Polarizing the House of Representatives: How Much Does Gerrymandering Matter?

U.S. Politics, U.S. Judiciary, Politics, Political Campaigns, Elections

Event Summary

The 2006 mid-term elections presented new questions about gerrymandering—particularly how Election Day results would be affected by congressional redistricting designed to provide an electoral edge to certain political parties and incumbents, or to disadvantage racial groups as the Supreme Court recently ruled Texas had done. Brookings explored these issues in the second series of panel discussions on America's polarized politics inspired by the book Red and Blue Nation? Characteristics and Causes of America's Polarized Politics.

Judicial Issues Forum

Event Information

When

Monday, October 30, 2006
2:00 PM to 4:00 PM

Where

Falk Auditorium
The Brookings Institution
1775 Massachusetts Avenue, NW
Washington, DC 20036
Map

Contact: Brookings Office of Communications

E-mail: events@brookings.edu

Phone: 202.797.6105

Brookings explored these issues in the second series of panel discussions on America's polarized politics inspired by the book Red and Blue Nation? Characteristics and Causes of America's Polarized Politics (Brookings, 2006).

Brookings Senior Fellow Thomas Mann, who has written a chapter on gerrymandering, was joined in the discussion by Sam Hirsch, a Jenner & Block attorney who has represented the Democratic Party's national redistricting project; Mark Braden, a Baker & Hostetler partner and former chief counsel of the Republican National Committee, and Thomas Edsall of The New Republic, who has written on the historic impact of gerrymandering and polarization. Stuart Taylor, Brookings nonresident senior fellow, moderated this discussion.

Transcript

TOM MANN: In some ways it seems rather odd that our subject is gerrymandering, safe seats, and the lack of competition. You can understand given the last five congressional elections why that might be our focus. This has been a period of extraordinary stability and stasis, the fewest number of incumbents defeated, fewest number of seats changing party hands than any comparable five election period in American political history.

And yet we are today, 8 days away from the 2006 midterm elections, with powerful signs of major electoral change, certainly in the House of Representatives likely to be sufficient to change the majority party and with in my view a slightly better even the chance of that majority shifting in the Senate as well.

In fact, these elections pose a test for our electoral system. Given the overall uncompetitive structure, is there enough flexibility in this rigid system to allow some form of democratic accountability? The electorate claims to be mad as hell and not willing to take it anymore. Does our electoral system permit that sentiment to be registered by changing the team that is in control? We will learn in 8 days, but our focus here is less on electoral turnover, changing party majorities, and more on partisan polarization, the ideological polarization of the political parties and the role that gerrymandering might play in its presence and the role it might play in its amelioration.

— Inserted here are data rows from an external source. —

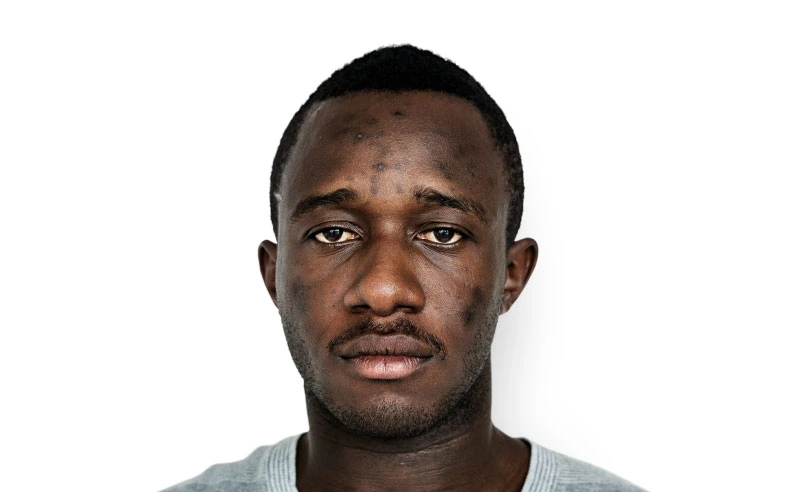 A male model with visible facial acne, highlighting common skin concerns and natural complexion.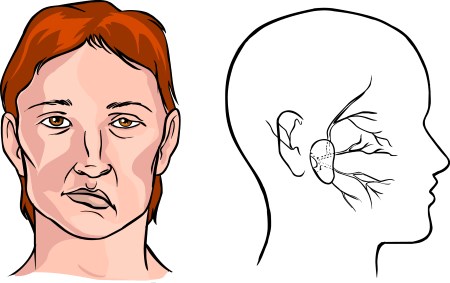 Твърдост на тилната мускулатура - какви са причините, симптомите, лечението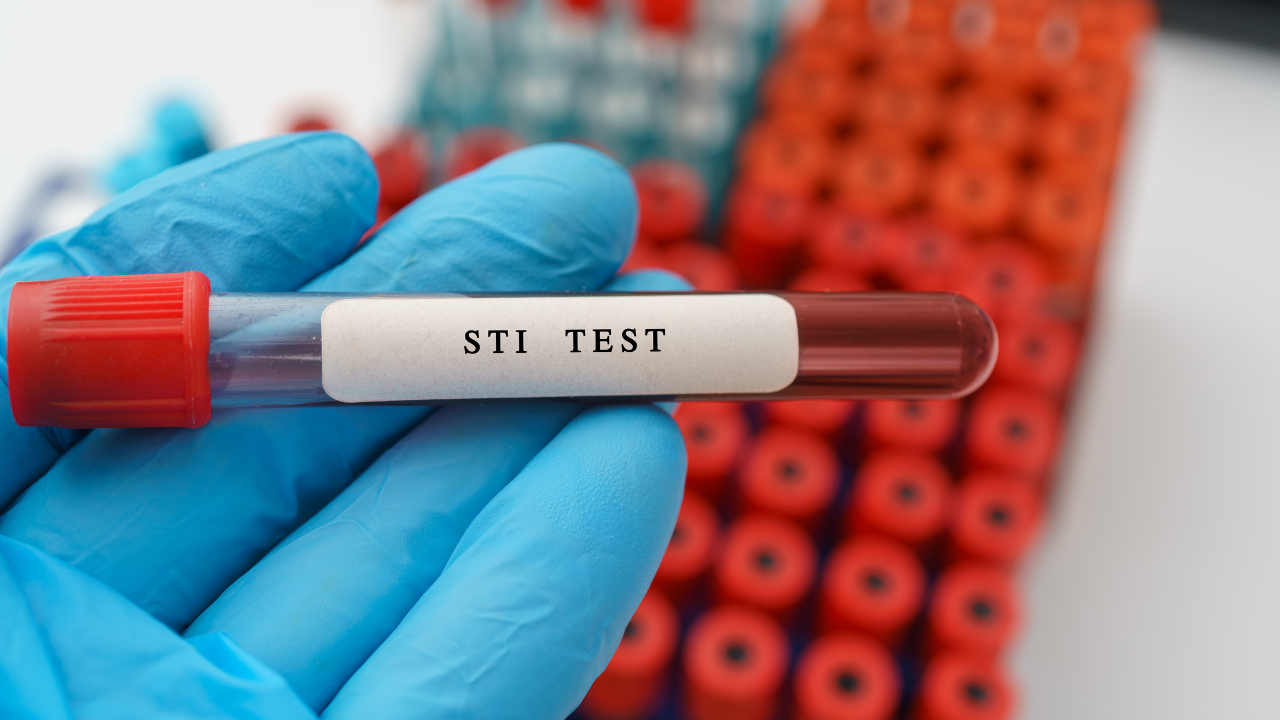 STI (sexually transmitted infection) test result with blood sample in test tube on doctor hand in medical lab. Image Credit: Adobe Stock Images/luchschenF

I will for the moment simply assert that partisan polarization is for real, it exists certainly at the elite level in legislatures and the Congress, it is present among activists, and there are signs of that polarization among voters. I am saying partisan polarization. I did not say all voters are to be found at the ideological poles, and there is lots of interesting debate about just what has not gone at the level of the individual voter, but the reality is, most of us as citizens and voters view the world through our partisan lenses and it has a profound effect on what we see, and it also has serious consequences for the way in which our political system operates.

There is a natural tendency for all of us to look for the villain with partisan polarization. I have been traveling around the country lately and I have not had a session in which a question wasn't asked about gerrymandering and how can we possibly get out of this current system without dealing with the problem of gerrymandering. The assumption is gerrymandering is the villain.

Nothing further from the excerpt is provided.